Start of SUPPLIED INFORMATION
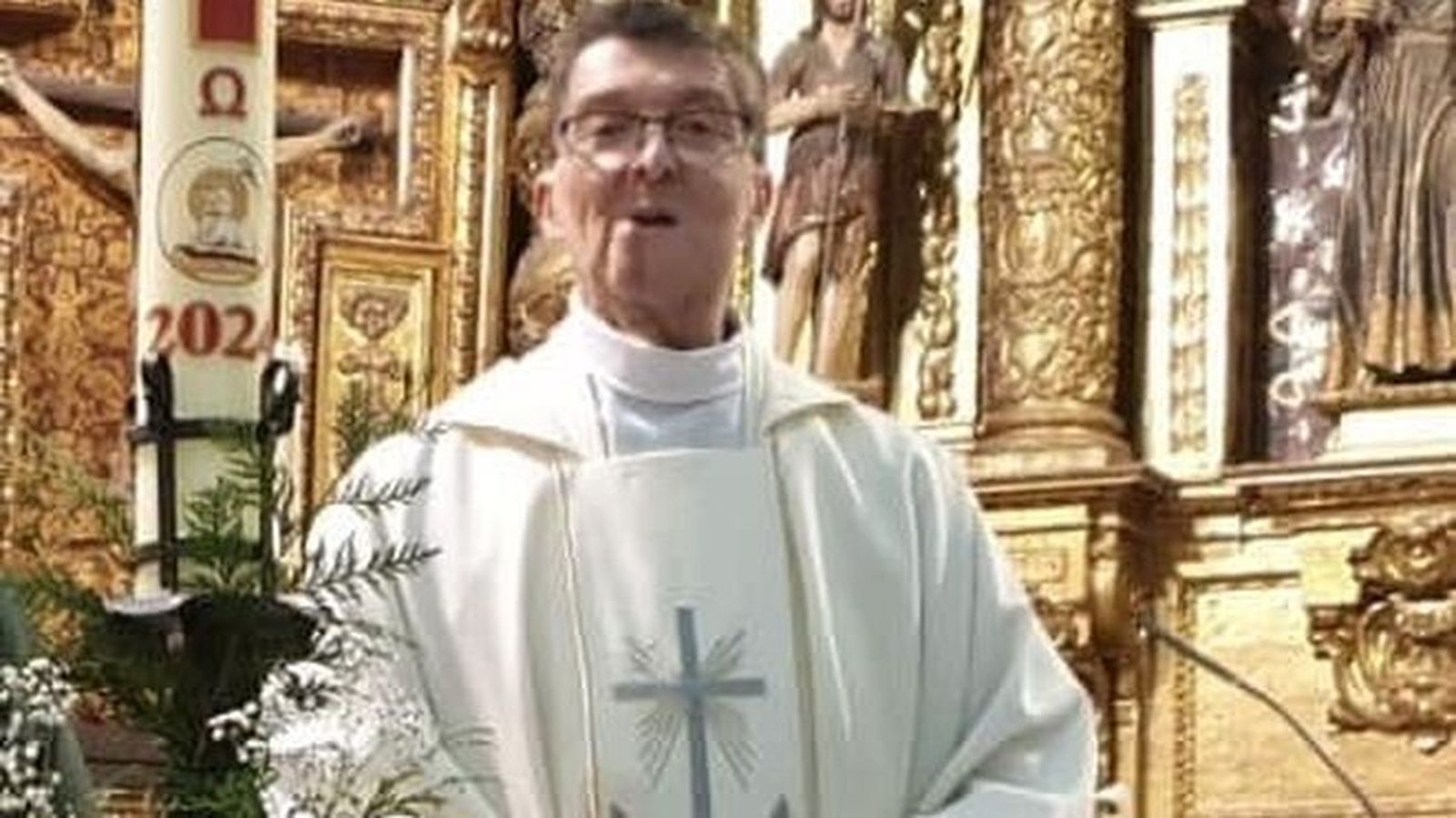 El pastor de la felicidad y  de la alegría, muy "bueno".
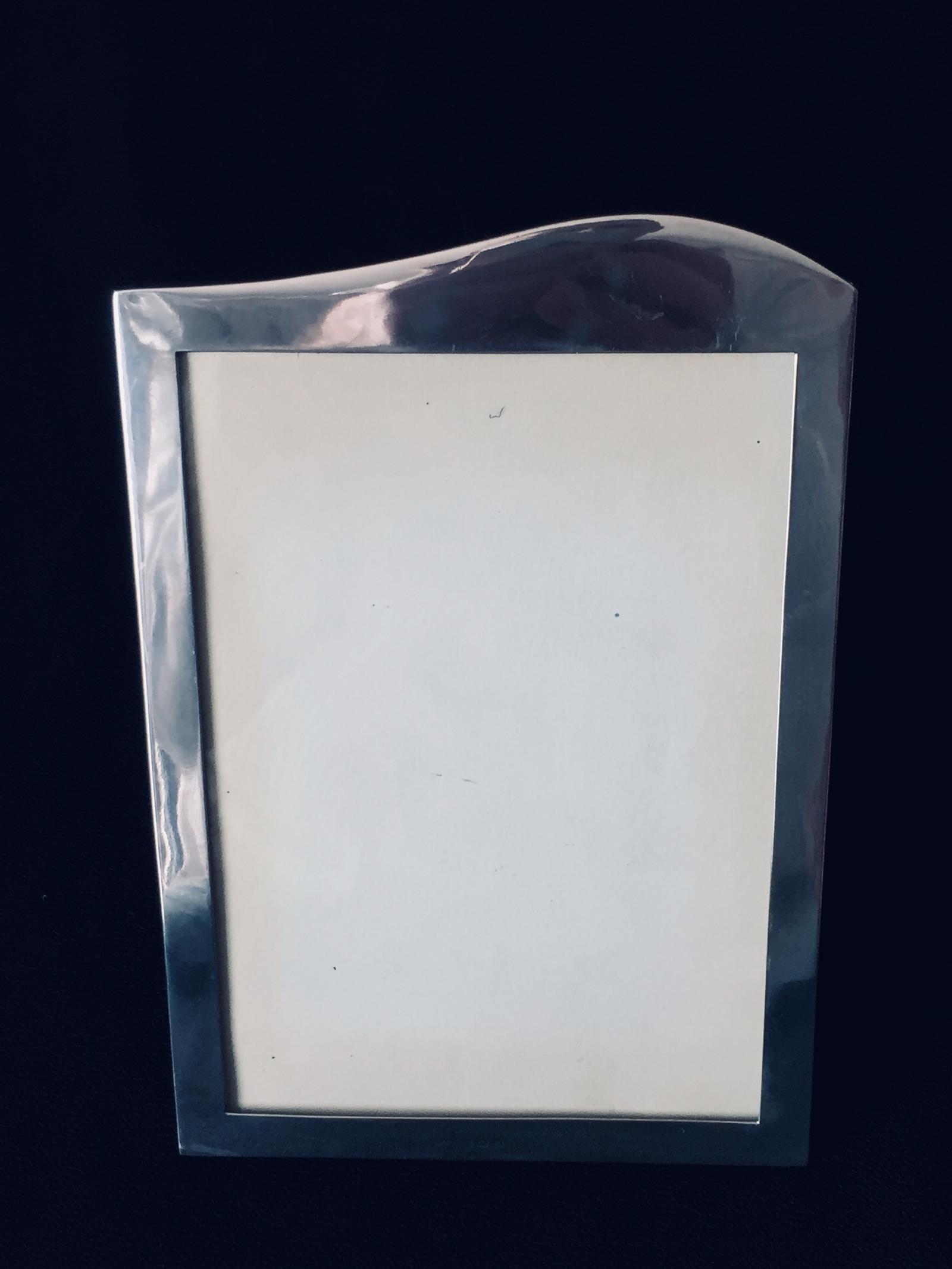 Silver Photo Frame. Birmingham 1946 (1 of 5)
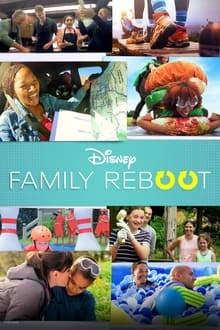 Family Reboot op Disney Plus
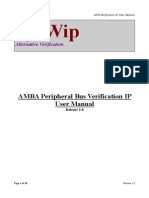 Apb Vip User Manual PDF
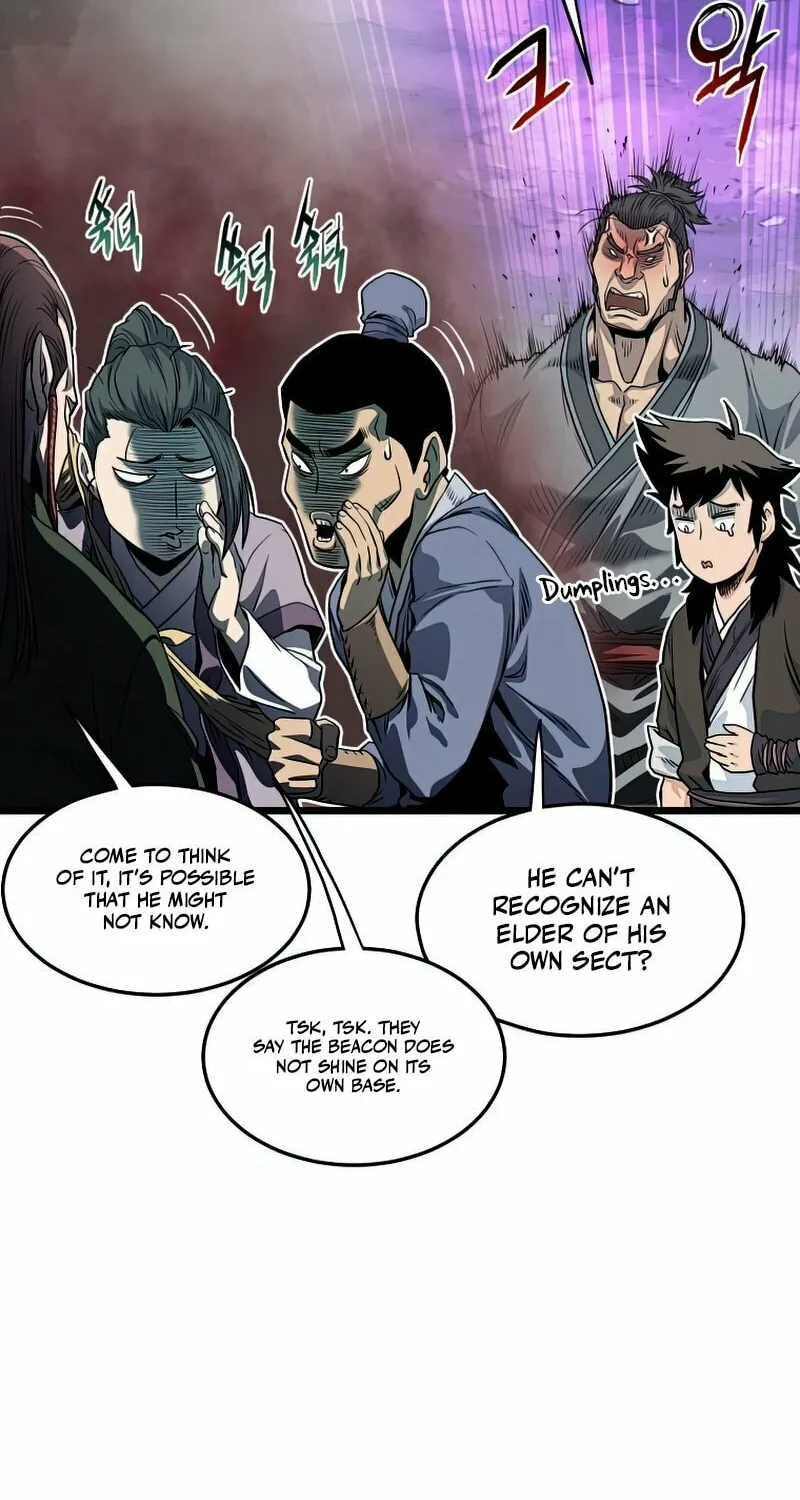 Read Murim Login chapter 122 image 25 on Lezhin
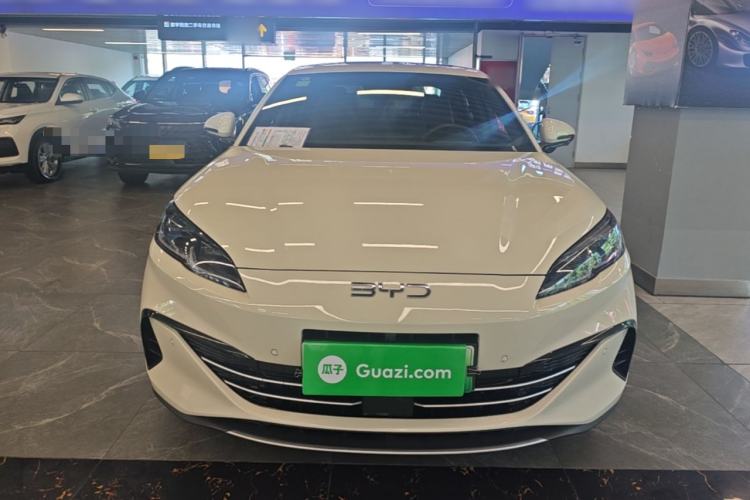 Used BYD Seal 06 New Energy 2025 DM-i Smart Drive 120KM Deluxe Model Front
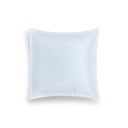 Quilted Square Pillowcase Fresco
End of SUPPLIED INFORMATION
PROBLEM DESCRIPTION: Skip the pictures. Return exactly the lines from the one containing "Used BYD Seal" through the end of the data above, both included, and nothing besides.

RESPONSE:
 Used BYD Seal 06 New Energy 2025 DM-i Smart Drive 120KM Deluxe Model Front
 Quilted Square Pillowcase Fresco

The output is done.